It never would have occurred to me to sprinkle Nutmeg on spinach, but I thought that could be interesting, so why not try it. Plus, we're diving into holiday eating season, and nutmeg always reminds me of the holidays. And then I got goofy and thought, Spinach (strong) + Nutmeg (sweet) = Popeye + Olive Oyl (his sweetie). Ok, that's my vivid imagination making corny associations.
I found this Spinach With Nutmeg and Lemon recipe on Martha Stewart and tweaked it some because I can never make a recipe exactly as stated. It's the rule breaker in me :) I opted out of the lemon because I don't care for tart on Spinach, and I put sauteed garlic in everything so I was curious what garlic and nutmeg would taste like together. Could be awesome or incredibly yuck.
What I like about this recipe too is that it's easy and super fast. In fact, it's almost Superman fast because wilting spinach takes like seconds.
Ingredients (for 2 servings):
- 1 6oz. pre-packaged bag of fresh Spinach. I get the equivalent amount of fresh spinach from the bulk bin at Whole Foods.
- 3 garlic cloves cut into slivers
- 1/8 tsp nutmeg, ground or grated
- Sea salt & Black pepper to taste
- 1 tbsp Olive Oil (versus Olive Oyl, Popeye's sweetie. Ok, goofy me :)
Let's Get Cookin':
- Heat the olive oil in a pan on medium. If the pan is too hot, like on high, the spinach will disintegrate immediately. It's not pretty. We want to wilt the spinach not singe it.
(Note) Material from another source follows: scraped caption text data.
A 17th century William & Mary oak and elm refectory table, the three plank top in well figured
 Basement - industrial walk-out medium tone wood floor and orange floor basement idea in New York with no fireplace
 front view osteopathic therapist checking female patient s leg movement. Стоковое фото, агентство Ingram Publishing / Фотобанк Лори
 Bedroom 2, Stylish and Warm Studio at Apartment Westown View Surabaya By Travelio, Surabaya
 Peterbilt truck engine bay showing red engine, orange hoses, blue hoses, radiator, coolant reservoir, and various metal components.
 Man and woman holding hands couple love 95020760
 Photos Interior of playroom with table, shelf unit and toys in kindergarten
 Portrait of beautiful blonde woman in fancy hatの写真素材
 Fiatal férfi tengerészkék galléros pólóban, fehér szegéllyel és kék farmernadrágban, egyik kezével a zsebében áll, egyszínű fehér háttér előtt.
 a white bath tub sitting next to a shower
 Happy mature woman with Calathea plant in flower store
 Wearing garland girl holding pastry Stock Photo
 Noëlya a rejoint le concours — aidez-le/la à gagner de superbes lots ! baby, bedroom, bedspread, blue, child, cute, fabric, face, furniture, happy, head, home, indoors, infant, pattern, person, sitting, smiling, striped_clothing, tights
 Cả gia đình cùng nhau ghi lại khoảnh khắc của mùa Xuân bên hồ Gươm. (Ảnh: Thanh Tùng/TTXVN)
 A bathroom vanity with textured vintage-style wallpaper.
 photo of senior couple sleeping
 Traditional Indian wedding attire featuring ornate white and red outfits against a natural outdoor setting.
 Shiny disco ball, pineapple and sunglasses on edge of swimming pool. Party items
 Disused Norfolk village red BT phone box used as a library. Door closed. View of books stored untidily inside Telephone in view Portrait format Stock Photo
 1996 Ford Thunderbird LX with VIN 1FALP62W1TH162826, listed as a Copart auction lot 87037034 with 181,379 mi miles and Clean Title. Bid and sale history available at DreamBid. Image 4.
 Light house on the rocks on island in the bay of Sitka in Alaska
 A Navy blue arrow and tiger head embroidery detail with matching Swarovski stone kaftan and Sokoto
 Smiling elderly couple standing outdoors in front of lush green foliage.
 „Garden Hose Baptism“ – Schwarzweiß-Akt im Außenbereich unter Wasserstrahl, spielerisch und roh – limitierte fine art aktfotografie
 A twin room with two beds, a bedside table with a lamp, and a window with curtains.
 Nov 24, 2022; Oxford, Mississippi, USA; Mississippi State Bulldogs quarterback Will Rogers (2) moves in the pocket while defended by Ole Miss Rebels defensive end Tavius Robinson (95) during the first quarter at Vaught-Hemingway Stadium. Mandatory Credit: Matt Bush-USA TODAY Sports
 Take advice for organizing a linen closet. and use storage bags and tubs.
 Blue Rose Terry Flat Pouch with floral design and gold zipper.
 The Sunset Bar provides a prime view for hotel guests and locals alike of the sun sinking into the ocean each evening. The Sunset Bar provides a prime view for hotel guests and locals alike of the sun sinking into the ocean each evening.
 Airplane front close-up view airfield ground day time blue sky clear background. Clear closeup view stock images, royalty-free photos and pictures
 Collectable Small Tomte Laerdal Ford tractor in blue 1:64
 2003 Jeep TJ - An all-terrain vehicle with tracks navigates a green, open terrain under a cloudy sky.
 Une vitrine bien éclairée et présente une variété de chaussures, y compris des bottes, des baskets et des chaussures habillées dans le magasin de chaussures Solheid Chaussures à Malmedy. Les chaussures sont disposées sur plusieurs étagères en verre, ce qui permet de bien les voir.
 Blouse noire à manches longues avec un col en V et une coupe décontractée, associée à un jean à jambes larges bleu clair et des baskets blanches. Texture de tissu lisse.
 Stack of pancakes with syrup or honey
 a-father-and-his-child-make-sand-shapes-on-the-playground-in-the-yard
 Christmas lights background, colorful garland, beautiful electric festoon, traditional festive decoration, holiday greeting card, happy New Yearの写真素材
- Saute the garlic until it looks soft.
- Toss in the fresh spinach and add the nutmeg and salt & pepper.
- Mix around the spinach with the garlic until the Spinach looks almost wilty. Now, this step literally will take seconds because spinach starts wilting the second it hits heat on a pan. In fact, you want to take the pan off the burner when the spinach looks almost done because even just sitting in the hot pan, the spinach will continue to wilt. If you keep the spinach in too long, you'll get a mush of spinach, again not so pretty.
- Throw spinach in a serving bowl, and voila, you're ready to nosh!
A couple notes:
- The salt part is important because nutmeg alone doesn't taste so lovely. The salt definitely perks up the dish.
- Next time, I'd try cinnamon or pumpkin pie spice.
- The garlic + nutmeg combo is definitely different. I'm not sure if it will be a hit with all, but I liked it. If you pair the nutmeg spinach with turkey or ham, it should compliment well.